Is your non-profit in planning mode for this year’s annual report? Will anyone read it? For many organizations, the annual report represents a significant investment of time and money but so many of them end up being bland and destined for the recycling bin before they even get read.
Over the years, I’ve been responsible for creating many annual reports. The early ones were pretty boring and I’d be surprised if anyone read more than their first couple of pages. I knew I needed to do something different, so I started reading every annual report I could get my hands on. As I became more confident in my role, I began to challenge the agencies I worked for to break out of the standard annual report format.
The standard format comprises a chronological review of all of the organization’s activities for the year divided by department or service area. It also includes the obligatory pie/bar graph illustrating service statistics, the entire audited financial statement and the donor thank you list. Ho hum.

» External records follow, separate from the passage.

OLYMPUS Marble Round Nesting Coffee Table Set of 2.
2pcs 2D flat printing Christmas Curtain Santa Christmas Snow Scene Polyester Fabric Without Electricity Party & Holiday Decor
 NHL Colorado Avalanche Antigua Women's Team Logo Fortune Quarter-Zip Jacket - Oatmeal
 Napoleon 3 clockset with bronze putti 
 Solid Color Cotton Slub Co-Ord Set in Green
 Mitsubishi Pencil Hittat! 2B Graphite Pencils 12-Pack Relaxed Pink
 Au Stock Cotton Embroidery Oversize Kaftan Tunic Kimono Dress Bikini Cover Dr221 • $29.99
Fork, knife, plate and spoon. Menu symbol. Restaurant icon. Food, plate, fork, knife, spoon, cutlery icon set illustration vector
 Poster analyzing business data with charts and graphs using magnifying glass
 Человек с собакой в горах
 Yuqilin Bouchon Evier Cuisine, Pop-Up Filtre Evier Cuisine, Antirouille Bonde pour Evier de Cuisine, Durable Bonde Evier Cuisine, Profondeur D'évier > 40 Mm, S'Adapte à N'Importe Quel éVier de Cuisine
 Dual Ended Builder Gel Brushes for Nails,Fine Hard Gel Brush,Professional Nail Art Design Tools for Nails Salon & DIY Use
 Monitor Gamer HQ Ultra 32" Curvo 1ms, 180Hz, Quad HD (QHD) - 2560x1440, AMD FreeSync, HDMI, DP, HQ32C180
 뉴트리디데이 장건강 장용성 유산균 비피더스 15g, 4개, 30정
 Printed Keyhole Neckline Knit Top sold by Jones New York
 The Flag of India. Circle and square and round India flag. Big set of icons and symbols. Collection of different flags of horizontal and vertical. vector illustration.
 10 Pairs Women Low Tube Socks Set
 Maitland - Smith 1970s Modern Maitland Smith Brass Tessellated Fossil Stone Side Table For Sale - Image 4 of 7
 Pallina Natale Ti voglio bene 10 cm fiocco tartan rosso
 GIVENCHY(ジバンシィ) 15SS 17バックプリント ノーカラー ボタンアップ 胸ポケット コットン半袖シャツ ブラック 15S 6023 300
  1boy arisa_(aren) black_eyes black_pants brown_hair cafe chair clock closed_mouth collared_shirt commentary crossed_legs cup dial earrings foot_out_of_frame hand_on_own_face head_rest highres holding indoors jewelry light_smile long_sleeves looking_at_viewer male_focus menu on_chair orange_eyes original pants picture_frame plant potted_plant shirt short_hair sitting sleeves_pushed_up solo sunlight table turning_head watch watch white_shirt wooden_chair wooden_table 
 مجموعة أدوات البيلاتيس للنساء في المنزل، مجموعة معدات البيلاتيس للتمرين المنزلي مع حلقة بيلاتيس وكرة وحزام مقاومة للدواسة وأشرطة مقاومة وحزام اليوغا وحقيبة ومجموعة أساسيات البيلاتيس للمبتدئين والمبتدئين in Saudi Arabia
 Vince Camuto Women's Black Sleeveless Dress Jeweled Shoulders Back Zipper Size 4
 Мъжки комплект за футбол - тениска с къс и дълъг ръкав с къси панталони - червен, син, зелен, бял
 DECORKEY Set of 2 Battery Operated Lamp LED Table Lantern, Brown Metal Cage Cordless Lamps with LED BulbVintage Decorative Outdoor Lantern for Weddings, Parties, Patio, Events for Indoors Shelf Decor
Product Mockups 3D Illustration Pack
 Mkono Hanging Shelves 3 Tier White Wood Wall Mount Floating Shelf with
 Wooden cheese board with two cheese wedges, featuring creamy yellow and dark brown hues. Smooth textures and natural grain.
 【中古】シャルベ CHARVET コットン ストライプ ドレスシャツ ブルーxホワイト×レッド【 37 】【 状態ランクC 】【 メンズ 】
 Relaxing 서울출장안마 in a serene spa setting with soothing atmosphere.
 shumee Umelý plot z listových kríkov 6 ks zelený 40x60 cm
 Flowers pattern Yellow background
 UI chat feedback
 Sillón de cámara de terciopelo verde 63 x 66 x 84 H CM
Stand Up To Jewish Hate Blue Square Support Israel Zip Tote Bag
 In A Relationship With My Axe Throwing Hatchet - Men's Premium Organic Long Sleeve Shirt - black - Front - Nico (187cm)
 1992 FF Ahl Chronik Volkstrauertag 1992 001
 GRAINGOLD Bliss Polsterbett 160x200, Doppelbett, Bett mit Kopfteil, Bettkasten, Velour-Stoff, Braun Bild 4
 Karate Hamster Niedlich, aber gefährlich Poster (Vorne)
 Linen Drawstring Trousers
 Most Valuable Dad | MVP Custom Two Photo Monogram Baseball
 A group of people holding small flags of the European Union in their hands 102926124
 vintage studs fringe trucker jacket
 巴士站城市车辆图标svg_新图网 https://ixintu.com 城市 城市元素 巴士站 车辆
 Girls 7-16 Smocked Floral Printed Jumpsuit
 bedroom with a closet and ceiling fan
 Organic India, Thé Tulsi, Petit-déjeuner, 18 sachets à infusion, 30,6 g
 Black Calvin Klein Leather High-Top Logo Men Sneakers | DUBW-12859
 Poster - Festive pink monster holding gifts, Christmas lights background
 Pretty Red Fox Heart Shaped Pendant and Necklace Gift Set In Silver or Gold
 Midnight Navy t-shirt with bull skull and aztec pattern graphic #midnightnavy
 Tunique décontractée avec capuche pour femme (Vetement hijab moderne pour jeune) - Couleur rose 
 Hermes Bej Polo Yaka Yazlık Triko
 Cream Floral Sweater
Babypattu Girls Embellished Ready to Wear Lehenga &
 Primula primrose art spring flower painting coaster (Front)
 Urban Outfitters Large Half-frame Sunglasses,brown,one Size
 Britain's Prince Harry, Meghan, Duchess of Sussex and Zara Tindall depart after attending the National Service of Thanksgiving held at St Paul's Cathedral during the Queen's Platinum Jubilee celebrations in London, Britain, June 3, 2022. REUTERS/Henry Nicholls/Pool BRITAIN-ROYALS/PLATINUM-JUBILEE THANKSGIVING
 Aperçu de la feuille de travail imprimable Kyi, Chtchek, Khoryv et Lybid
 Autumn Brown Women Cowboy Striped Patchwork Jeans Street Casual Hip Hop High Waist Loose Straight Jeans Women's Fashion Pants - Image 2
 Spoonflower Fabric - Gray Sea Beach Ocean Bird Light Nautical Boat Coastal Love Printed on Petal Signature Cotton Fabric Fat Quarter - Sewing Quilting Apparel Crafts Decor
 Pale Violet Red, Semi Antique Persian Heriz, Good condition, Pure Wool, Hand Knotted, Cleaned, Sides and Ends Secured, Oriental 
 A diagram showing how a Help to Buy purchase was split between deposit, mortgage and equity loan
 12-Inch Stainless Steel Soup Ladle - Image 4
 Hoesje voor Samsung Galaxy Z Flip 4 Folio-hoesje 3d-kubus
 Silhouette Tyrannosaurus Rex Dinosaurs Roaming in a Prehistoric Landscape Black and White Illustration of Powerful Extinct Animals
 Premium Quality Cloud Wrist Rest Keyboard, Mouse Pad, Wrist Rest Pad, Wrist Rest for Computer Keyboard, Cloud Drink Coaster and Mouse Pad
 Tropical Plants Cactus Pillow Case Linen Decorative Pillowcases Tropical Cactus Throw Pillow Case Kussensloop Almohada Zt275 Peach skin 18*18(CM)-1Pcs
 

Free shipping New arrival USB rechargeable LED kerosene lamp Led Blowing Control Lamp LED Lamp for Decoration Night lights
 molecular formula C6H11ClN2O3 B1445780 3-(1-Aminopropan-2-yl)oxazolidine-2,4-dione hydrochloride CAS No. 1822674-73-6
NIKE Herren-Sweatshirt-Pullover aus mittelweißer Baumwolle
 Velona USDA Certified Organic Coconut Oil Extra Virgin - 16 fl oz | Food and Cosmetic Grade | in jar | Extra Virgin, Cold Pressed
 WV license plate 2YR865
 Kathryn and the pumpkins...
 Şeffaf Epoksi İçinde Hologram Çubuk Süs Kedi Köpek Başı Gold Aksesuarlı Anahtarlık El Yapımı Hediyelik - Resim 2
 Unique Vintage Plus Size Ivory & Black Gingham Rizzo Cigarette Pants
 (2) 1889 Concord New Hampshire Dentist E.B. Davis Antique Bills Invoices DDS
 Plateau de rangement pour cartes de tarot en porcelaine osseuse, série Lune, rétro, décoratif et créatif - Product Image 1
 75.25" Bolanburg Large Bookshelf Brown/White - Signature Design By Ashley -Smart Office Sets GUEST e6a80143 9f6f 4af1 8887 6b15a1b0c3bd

You can turn the annual report into an effective vehicle to communicate with stakeholders while including the above information, but if you don’t treat it like the creative, branding opportunity it is, it’s a waste of money. Here are a few of my ideas for moving beyond the standard annual report. I’d love to hear tips and suggestions from others in the blogosphere who have experience pulling together this often most dreaded annual publication. Please share your ideas by leaving a comment.
Remember your audience
Like any other publication (e.g.newsletter, website), start your planning with identifying the audience you are trying to reach. Is your primary audience government funders, the clients you serve, those who make referrals to your organization, donors? List them in priority and keep them in mind as you consider format and the kind of information that will interest them. Also think of a goal for your audience. What do you want to motivate your stakeholder to do upon reading your report?
Keep your mission in mind
Avoid reducing your report to an endless account of all of the year’s activities. Focus on the ones that significantly advance your mission. You might leave out the fact that you reorganized the offices of your administrative staff, for example. Although this might have made the office more functional—the direct tie to your mission is a bit of a stretch.
Choose a unifying theme
Choosing a theme for your report will help you to focus the content and graphics. Reflect on the past year, the main activities/issues that dominated it, and how they related to your mission. A couple of examples of unifying themes might be:
- Domestic violence services: “Courage” – how the many ordinary clients the agency serves demonstrate extraordinary courage every day by leaving abusive relationships. You can extend this to the courage of staff and volunteers who walk the journey alongside those clients, the courage of board members to make bold decisions to improve service etc.
- Child welfare/treatment centre: “Dreams” – Focus on the dreams of the kids you serve, how your agency helps them to acheive those dreams, the dreams of your agency for future/more comprehensive services etc.
Once you’ve chosen a theme, make sure that all of the content reflects that theme in some way.
Focus on people
Make your report more compelling by telling the stories of the people involved with your non-profit (i.e. clients, staff, volunteers, board members). Use these stories to reinforce your theme, illustrate your service stats and the accomplishments of your organization. Readers relate to people stories.
Photos and headlines
Most of your audience will only read portions of your report so use as many photos or illustrations as possible to convey your message. Use headlines to draw your audience into the rest of the text or at least give them the gist of what the body copy says. If they read nothing but your headline or the enlarged quote you pulled from the body copy, will they get your message?
Use one voice and keep it short
Good editing is vital. Your audience is not going to read long, uninterrupted pages of text. Keep paragraphs short and make sure you have lots of white space around your text.
If you have several people contributing to the report, have one editor who will harmonize all those different writing styles. Be ruthless about cutting redundant words, sentences and paragraphs. This, along with an active, clean writing style will increase the likelihood that your report will get read.
Pare down financial report
Does a funding or regulatory body compel you to include your full financial statement in the annual report? If not, consider including just the summary page with a paragraph of explanation for those not accustomed to reading financial documents. Make a note that the full financial statement is available on your website or by request. This will save you space and money. Few people read this section.
Consider non-traditional design formats
I’ve seen great reports designed as a poster or a mini-newspaper. People notice reports that are smaller than usual or have a different shape so they’re less likely to end up on the bottom of a desk’s paper pile.
Allow enough time
If you start your annual report planning a month before you need to publish it, your ability to pay attention to all of the above, and leave time for design and printing, goes out the window. Use the standard formula of counting back from the due date while considering how much time you will need for each stage of planning and production to arrive at the date you should begin the process.
Tell me about the last annual report you actually read. What compelled you to read it? Can you share examples of creative formats or themes?